DISTAL RADIUS FRACTURES
The distal radius is the most commonly fractured bone in the upper extremity. The radius is the larger of the two bones in the forearm. The distal segment refers to the part nearest the hand. When this area of the bone breaks, it is known as a distal radius fracture (although sometimes referred to as a wrist fracture or a Colles Fracture).
Most often, the break is due to a simple fall on outstretched hands. Sports and other accidents are also common modes of injury.
Typical symptoms of a broken distal radius may include pain and swelling in the region. There may also be a visible deformity.
The risk of distal radius fractures is related to the strength and density of the bone. Decreased bone density, a condition called osteoporosis, makes a broken wrist much more likely during a fall. This is why distal radius fractures are observed most commonly in the elderly, especially older women who frequently suffer from osteoporosis.
The Injured Wrist
If an injury of the wrist does occur, there are several symptoms that may determine whether a trip to the emergency room is necessary:
- The pain is unbearable.
- A deformity of the wrist exists, especially if the skin is broken.
- Numbness or a loss of blood flow (evidenced by a loss of color) to the hand or fingers.
If these symptoms are present, icing the region and reducing motion should provide some relief until a doctor is able to perform an examination.
To diagnose the injury, a doctor will take X-rays of the wrist. This allows the doctor to visualize the fracture and determine a treatment plan. If a fracture exists, the doctor may note the following characteristics:
- Whether the fracture extends into the joint surface (known as an intra-articular fracture) or remains away (extra-articular).
- Whether the bone has broken the skin. This is called an open fracture and requires special care to prevent infection.
- The amount of pieces the bone has broken into, known as the degree of comminution.
These factors allow the doctor to classify the fracture and apply the most appropriate treatment method.
Once a doctor identifies the nature of the fracture, there exists a wide variety of treatment options. The most appropriate treatment depends on the severity of the fracture, the health and needs of the patient, and the surgeon’s discretion.
The first step of treatment is ensuring the fracture is re-aligned, or anatomically reduced. During this stage, the surgeon will manipulate the bone fragments to return the bone to its natural alignment. Ideally, this is possible through a ‘closed reduction’ or manual manipulation outside of the skin. Often this is all that is required for mild or simple fractures. If a closed reduction is not successful, then an ‘open reduction’ may be used. This involves surgery and is more common in complicated fractures.

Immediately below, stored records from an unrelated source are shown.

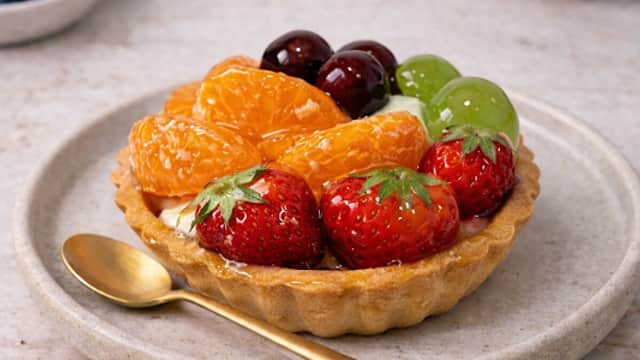 Bee Sweet Bakery Ltd - Bakers in carbrook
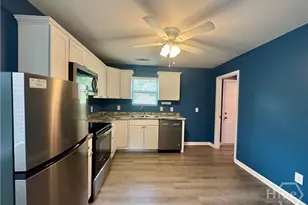 131- 133 Michele Dr, Athens, GA 30606 - Photo 29
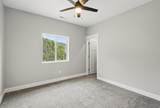 1152 Smokey Trail Way - Photo 36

If surgery is not required, plaster cast may be applied after reduction to maintain alignment and ensure proper healing of the bone. A cast may need to be reapplied several times over the course of the treatment to allow for a decrease in swelling. Additional X-rays may also be taken to track the progress of the healing. Once the cast is removed, usually around six weeks post-injury, physical therapy may be necessary to reduce residual stiffness and regain the patient’s full range of motion.
If the bone fragments have moved significantly out of place and will not stay in place, a cast may not be sufficient. In this case, the doctor will suggest surgery. There are multiple surgical options, including metal pins, screws, plates, rods and external frames, or any combination of the aforementioned.
Moderate pain is expected to persist for a couple of weeks after initial treatment. Ice and over-the-counter pain medication may provide some relief. If the pain is severe, a stronger pain medication may be prescribed. Care should be taken to keep casts dry or the surgical incision clean until the sutures are removed.
The final outcome of the treatment varies from patient to patient based on fracture severity, treatment method, and the body’s healing response. Due to this variability, patients should discuss individual expectations with their doctor.
Often, with surgical repair of distal radius fractures, removable brace support and initiation of therapy can begin within 3-5 days after surgery. At 6 weeks the patient is usually weaned from the removable brace and strengthening exercises are advanced at the second post-operative visit. By 8 weeks from surgery, most individuals are able to resume general activity without restriction. Return to vigorous activity, including sport participation, is possible by 8-12 weeks from surgery.
While big steps will be made in the first few months with regards to pain and range of motion of the wrist, full recovery may take a little over a year. While unlikely, lingering mild pain or stiffness could last as long as two years.